**YOUR TASK:** Every line of the data below should be retyped exactly, with no images carried over.

Records contained in a dataset
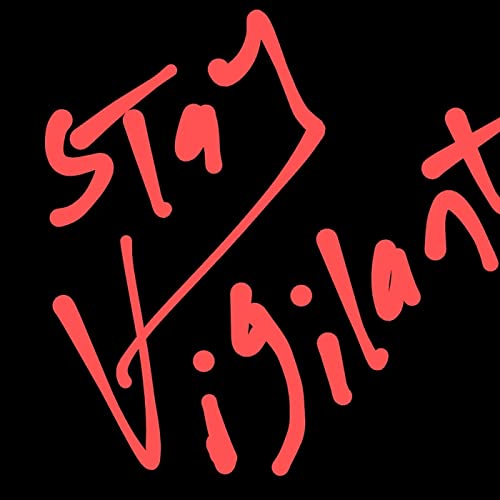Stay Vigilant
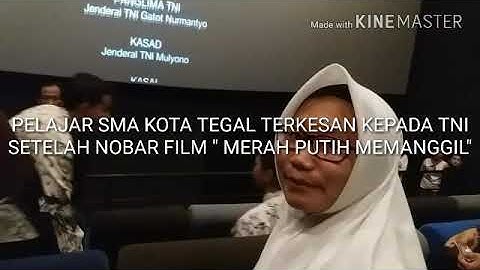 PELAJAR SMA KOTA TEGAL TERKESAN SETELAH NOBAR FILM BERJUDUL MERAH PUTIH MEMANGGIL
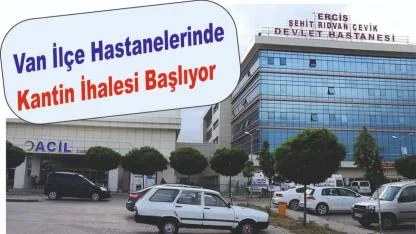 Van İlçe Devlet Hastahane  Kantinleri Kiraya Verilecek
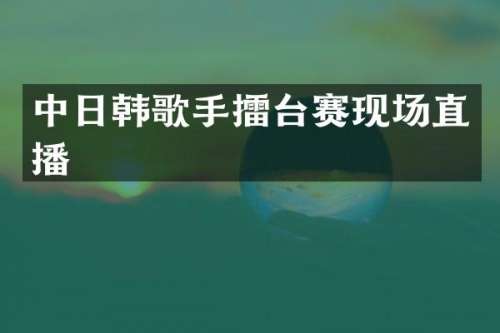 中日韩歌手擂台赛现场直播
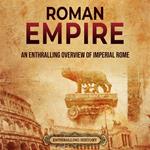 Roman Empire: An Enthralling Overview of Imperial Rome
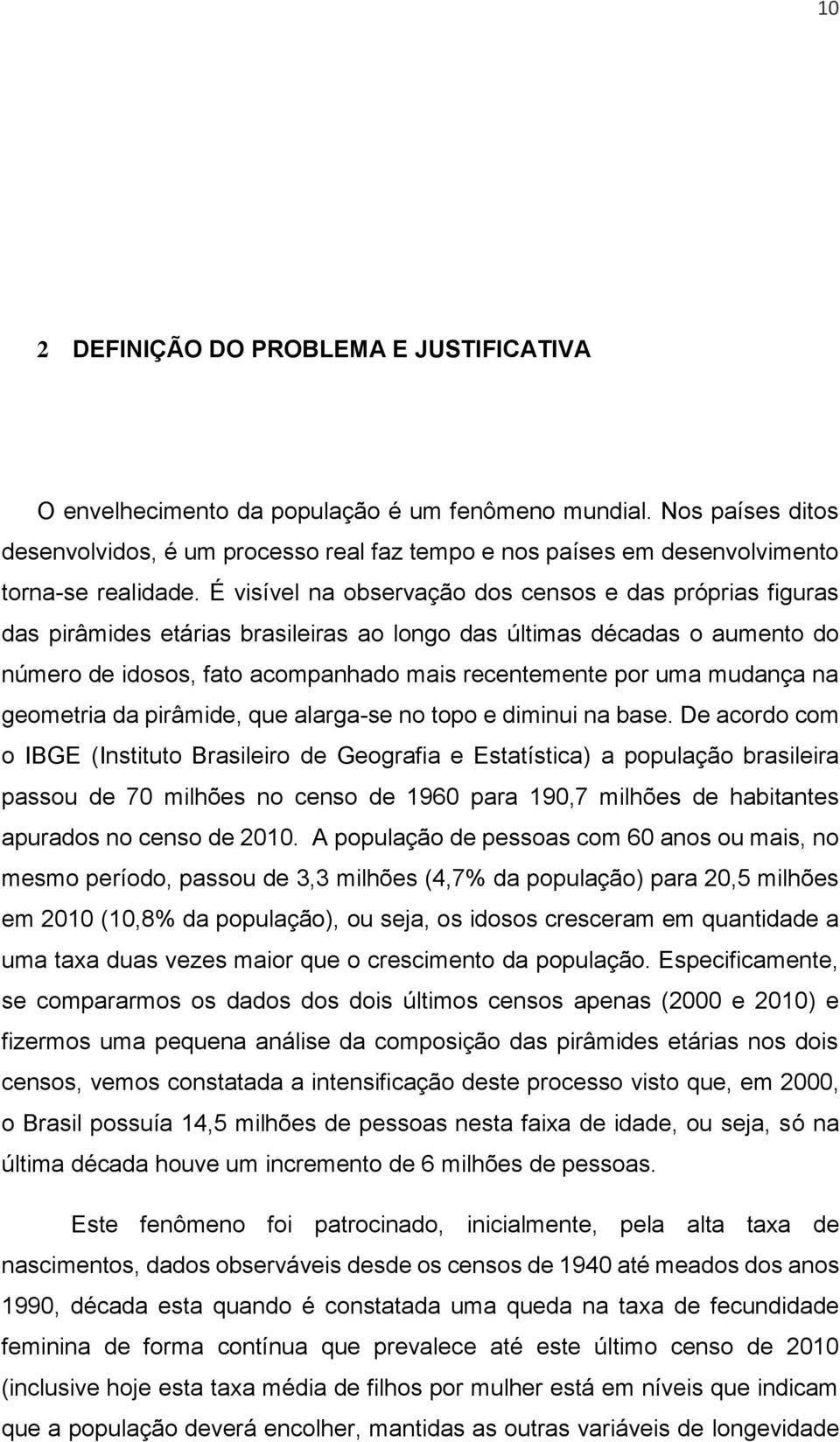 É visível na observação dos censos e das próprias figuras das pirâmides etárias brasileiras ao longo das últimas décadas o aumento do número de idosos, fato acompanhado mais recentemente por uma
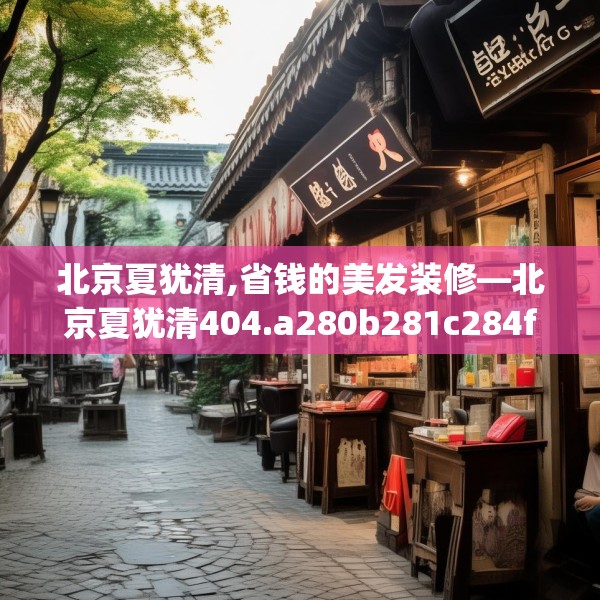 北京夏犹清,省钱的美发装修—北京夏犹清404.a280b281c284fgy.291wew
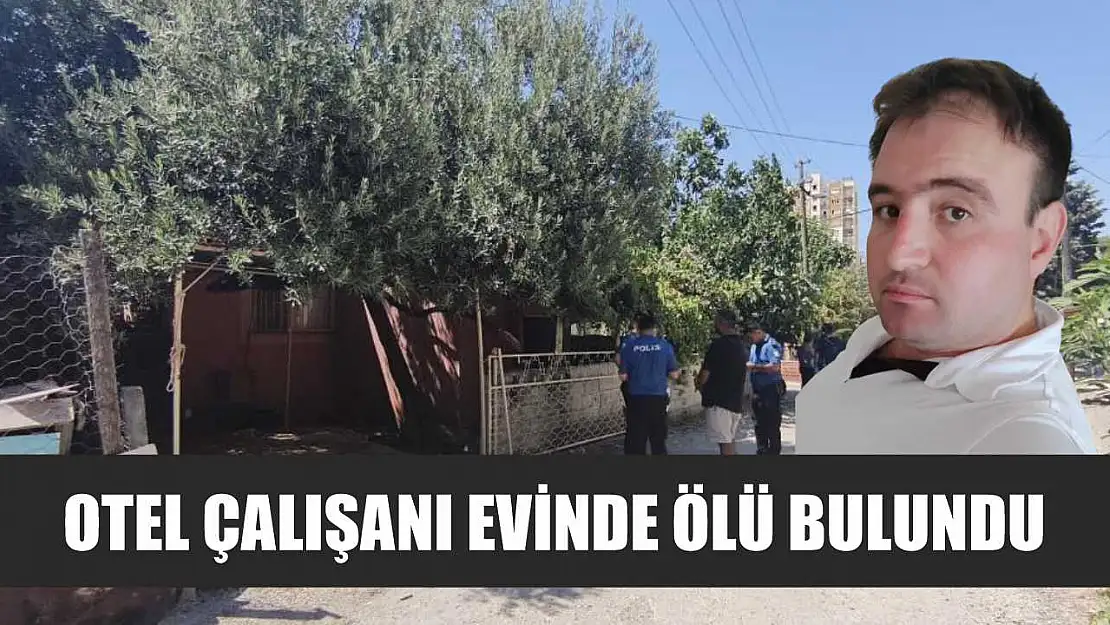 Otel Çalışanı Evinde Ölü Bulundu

**THE ANSWER:**
Stay Vigilant
 PELAJAR SMA KOTA TEGAL TERKESAN SETELAH NOBAR FILM BERJUDUL MERAH PUTIH MEMANGGIL
 Van İlçe Devlet Hastahane  Kantinleri Kiraya Verilecek
 中日韩歌手擂台赛现场直播
 Roman Empire: An Enthralling Overview of Imperial Rome
 É visível na observação dos censos e das próprias figuras das pirâmides etárias brasileiras ao longo das últimas décadas o aumento do número de idosos, fato acompanhado mais recentemente por uma
 北京夏犹清,省钱的美发装修—北京夏犹清404.a280b281c284fgy.291wew
 Otel Çalışanı Evinde Ölü Bulundu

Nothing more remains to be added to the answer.